JW: It’s mental that from that, you then have to deliver it, make it etc. Communication is all it is.
CT: Let’s talk about your AW17 collection.
NB: It’s based on the River Thames. We looked at these old maps and have been quite interested in mapping as a whole. There was a famous cartographer who said he’d do a map of London for the King at the time. And he took a year and when he produced it they said, ‘oh that’s amazing, we’re going to pay you to do it for the whole of Greater London – make it more detailed and more accurate’. He supposedly worked every day for 10 years, and it’s a beautiful map. When he finished he gave this map over, and then he died. His life’s work – he finished it and then he popped it, apparently from stress. He made his place in history, which is pretty cool. So we were using maps as time warps. As a section of London, the river hasn’t changed a dramatic amount. It’s the reason London exists. There’s so much to draw on.
CT: Talking of change and continuity – there’s a lot of talk about the unsustainable pace of the industry, what do you think?
JW: We’re so slow, because we have to be. The market is quick but the way in which we want to evolve the brand is slow. How long it takes to manufacture clothes and get them out, with fast fashion on your heels. You only get four collections a year, and it’s kind of like, they’re running parallel but it’s two different things.

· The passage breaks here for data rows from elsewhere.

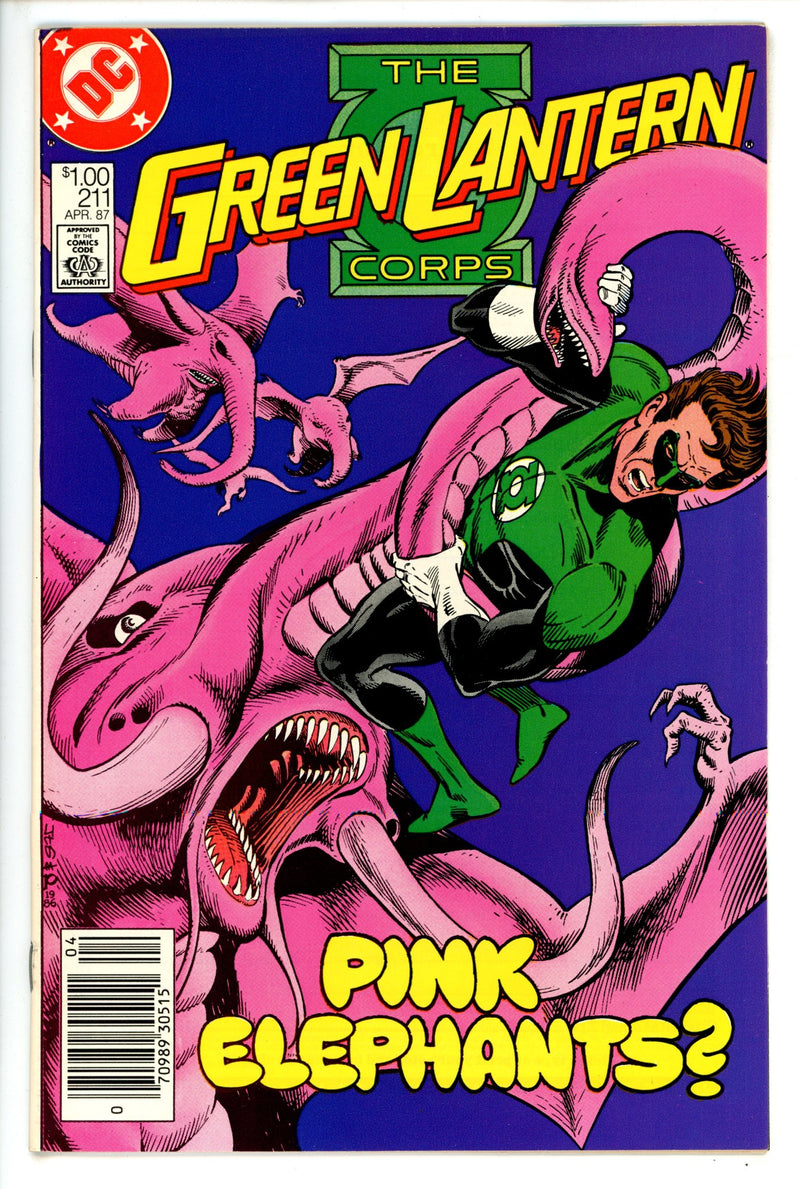 The Green Lantern Corps Vol 2 211 Canadian VF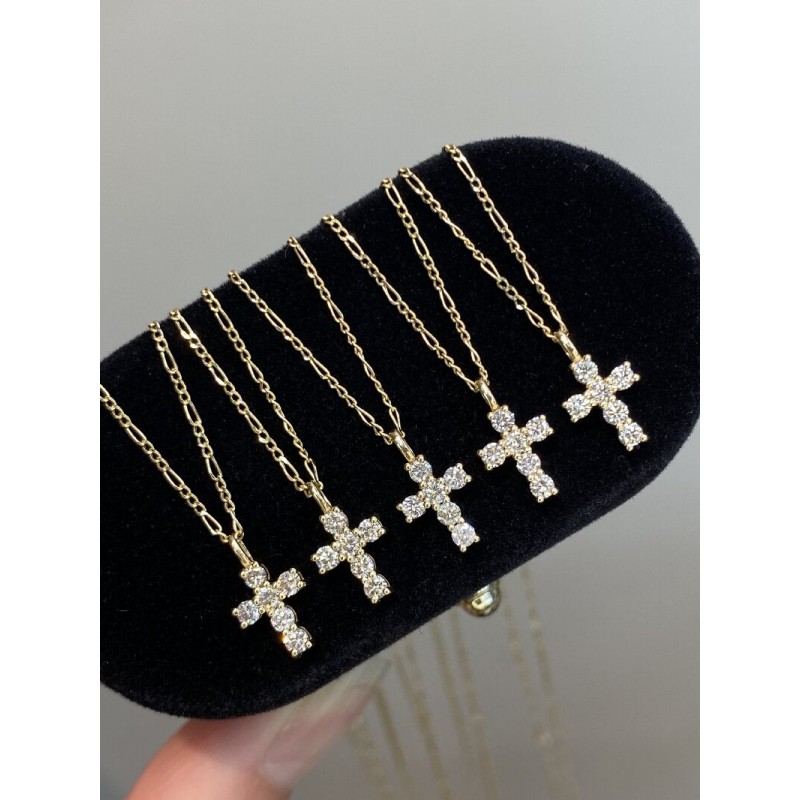 Ruif Jewelry Classic Design 18K Yellow Gold 0.30ct Natural Diamond Necklace Wholesale price necklace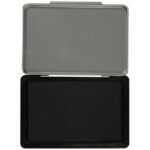 Cuscinetto per timbri Q-Connect 11x7 cm nero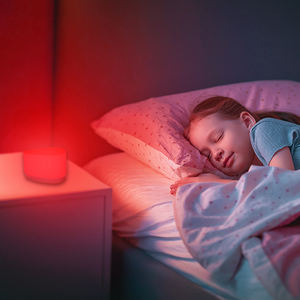 Lampe de nuit moderne à LED <span class=keywords><strong>rouge</strong></span> 620/660/670nm 1W 600mAh ABS rechargeable et à intensité variable pour chambre d'enfant et bébé - Product Image 2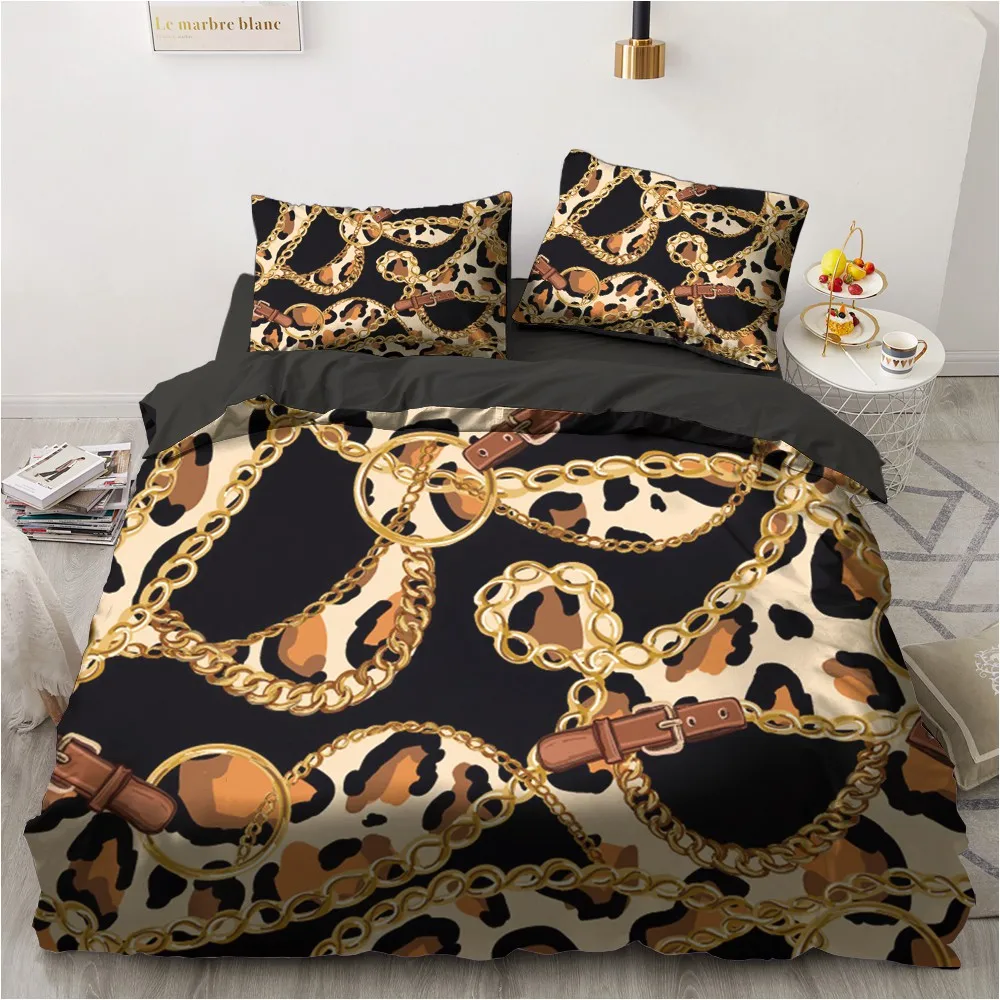 3D Bedding Sets Geometric Baroque Duvet Quilt Cover Set Comforter Bed Linen Pillowcase King Queen Full 203x230cm Home Texitle | Дом и сад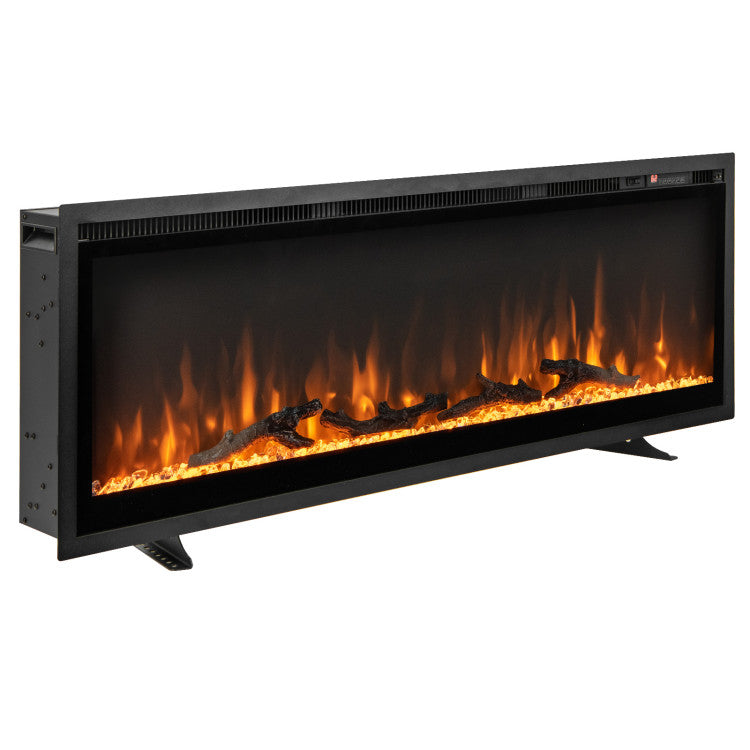  Electric Fireplace Setup in Office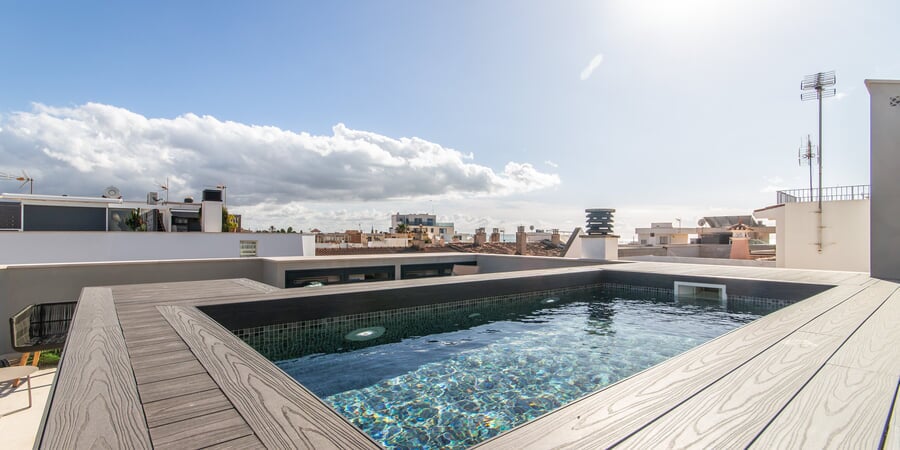 New townhouse with rooftop pool and sea views in Molinar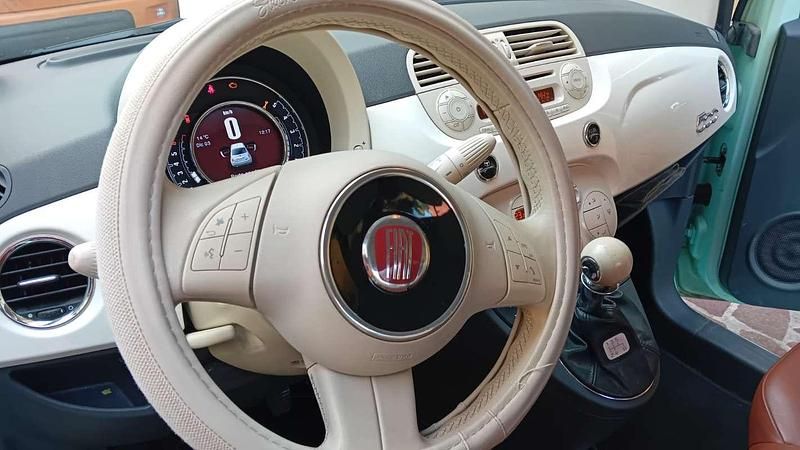 Usata Fiat 500C 69 CV (50 kW) 2016 Verde Cabrio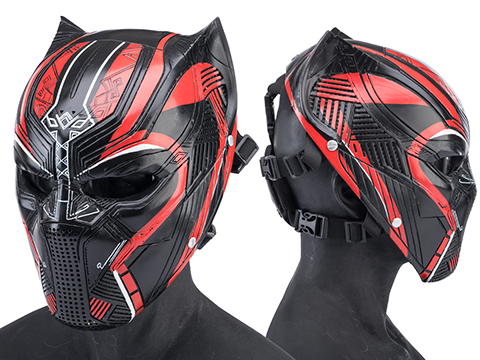 Evike.com RLUX Fiberglass Cyber Panther Full Face Mask (Color: Red / Large)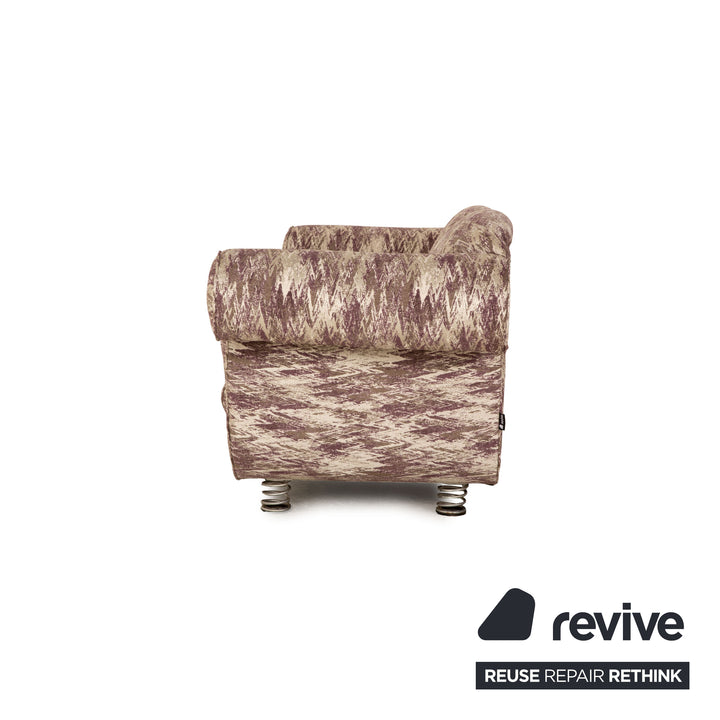 Bretz LouLou fabric two-seater beige olive purple pattern sofa couch new cover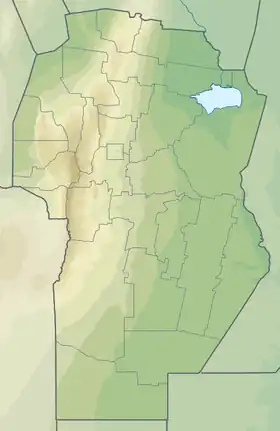 Sierras&nbsp;Chicas ubicada en Provincia de Córdoba (Argentina)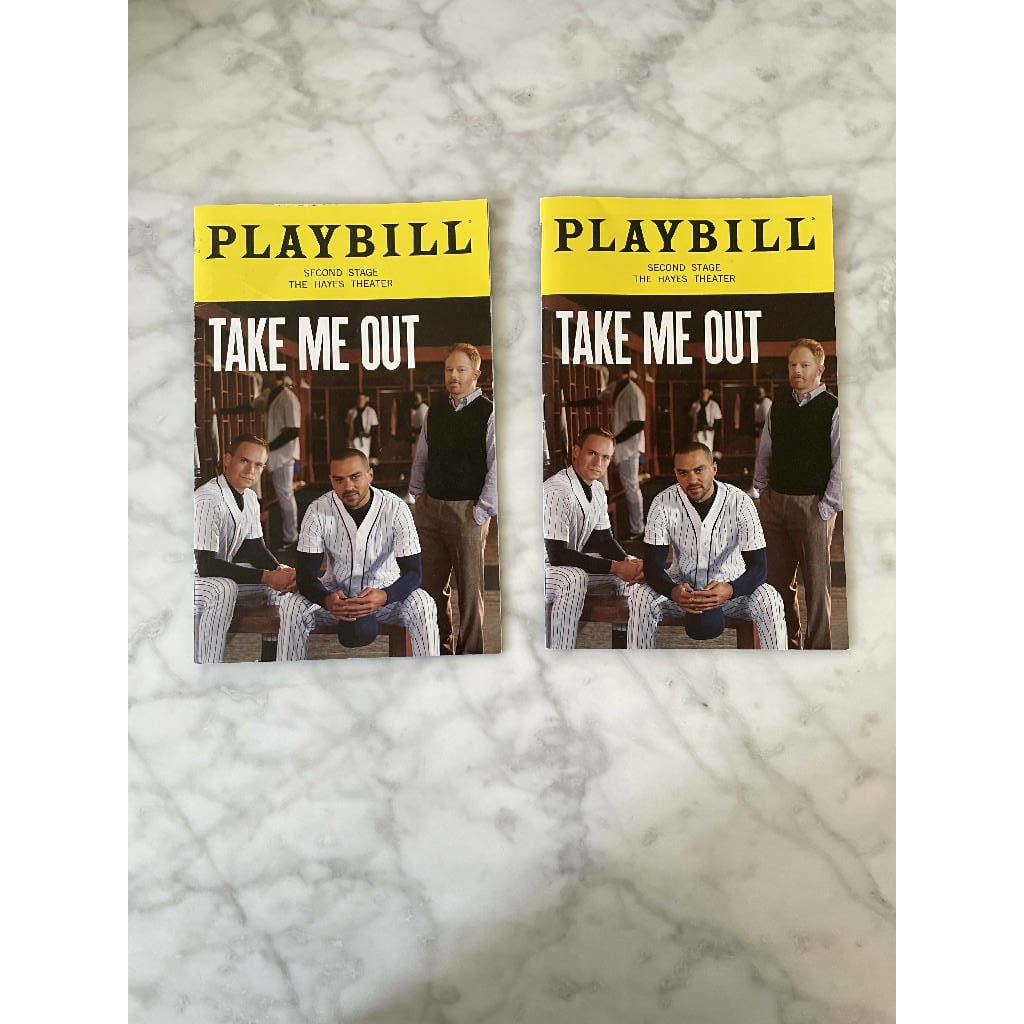 Take Me Out 2022 Broadway Revival Playbill Original Cast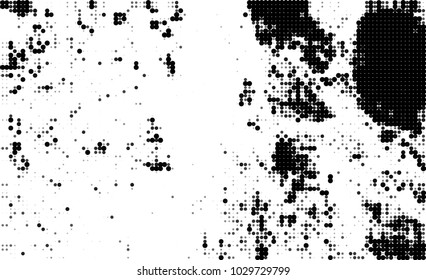 Black and white halftone. Abstract texture of dots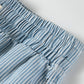 Stripe Drawstring Elastic Waist Casual Denim Shorts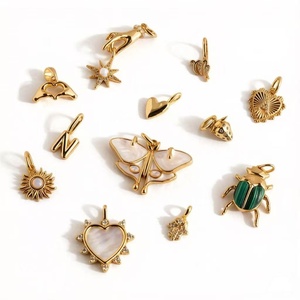 Pingentes de Charme <span class=keywords><strong>DIY</strong></span> em Ouro 18K com Acabamento em Ouro para Mulheres e Homens - Product Image 1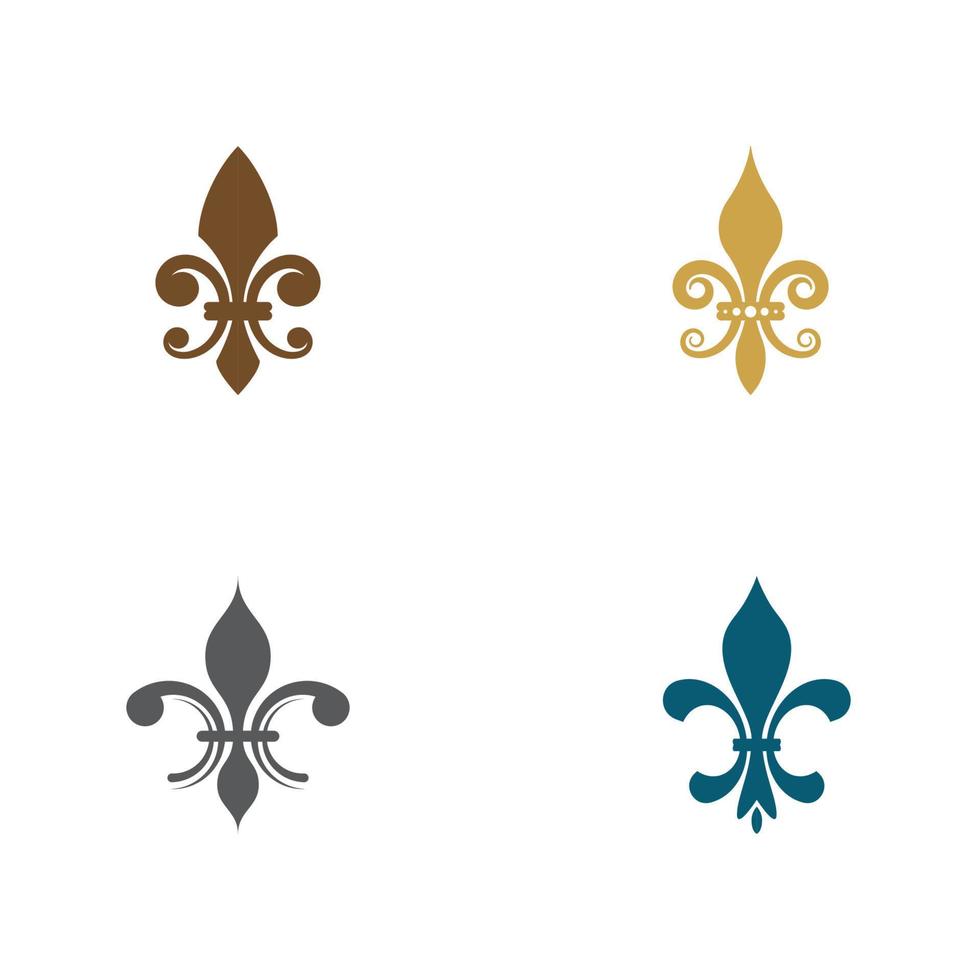 fleur de lis vector pictogram ontwerp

NB: The root of that question is that it’s sickly fast. It’s too fast. All the High Street retailers have an animalistic approach to clothing, it’s much too fast. I would prefer it at a slower pace, but it’s very hard when you have things going onto the High Street, being copied and jumping on the back of a look, as such. We wouldn’t do it, and we don’t aspire to. The clothing industry is just too much, it’s 100% too much. It’s just waste. We’re not blameless in it either, we’re not an artisan brand. But we definitely do have an understanding of the philosophical viewpoints of what’s good or bad. I think we’re too hungry for newness all the time.
CT: What are your plans for London Fashion Week Men’s ?
JW: Bring the energy: roll the dice, push a few boundaries.